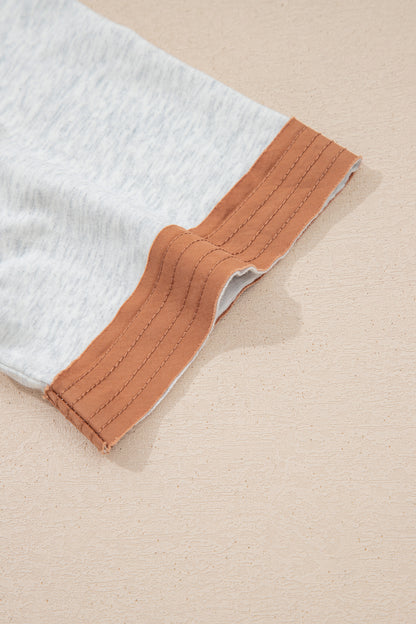 Light Grey Raw Seam Color Block Detail Buttoned Henley Tee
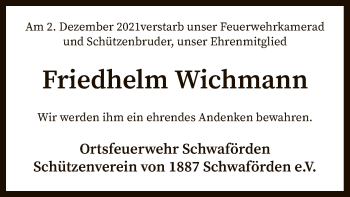 Traueranzeige von Friedhelm Wichmann von SYK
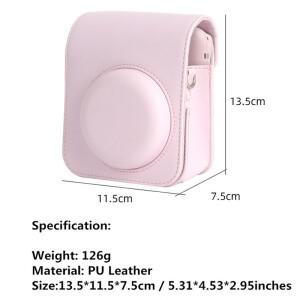 Instax Mini 12 카메라 케이스 용 어깨 끈이있는 Fujifilm 필름 가방 PU 가죽 소프트 보호 Trave Bag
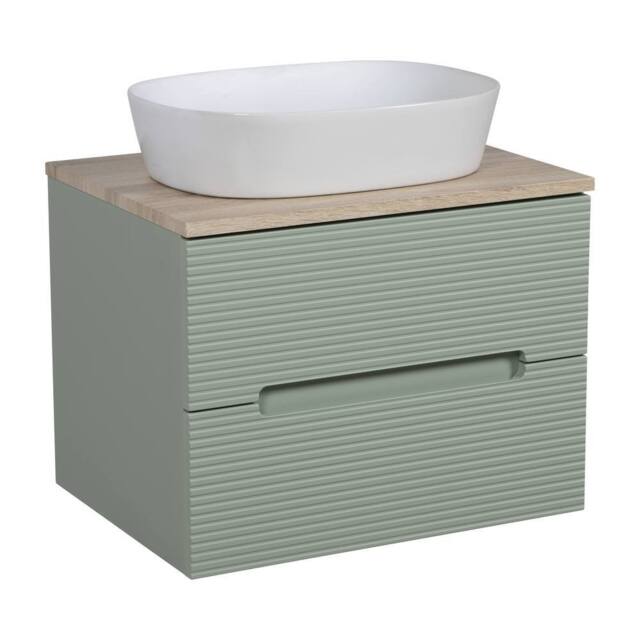 Bathroom Kingdom Monza Green & Oak Fluted Wall Hung Basin Vanity 600mm - image 1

TASK TO COMPLETE:
When you reach the line containing "Traueranzeige von Friedhelm Wichmann von SYK" in the listing above, reproduce it and every line after it through the last, exactly; omit the pictures.

WRITTEN REPLY:
 Traueranzeige von Friedhelm Wichmann von SYK
 Instax Mini 12 카메라 케이스 용 어깨 끈이있는 Fujifilm 필름 가방 PU 가죽 소프트 보호 Trave Bag
 Bathroom Kingdom Monza Green & Oak Fluted Wall Hung Basin Vanity 600mm - image 1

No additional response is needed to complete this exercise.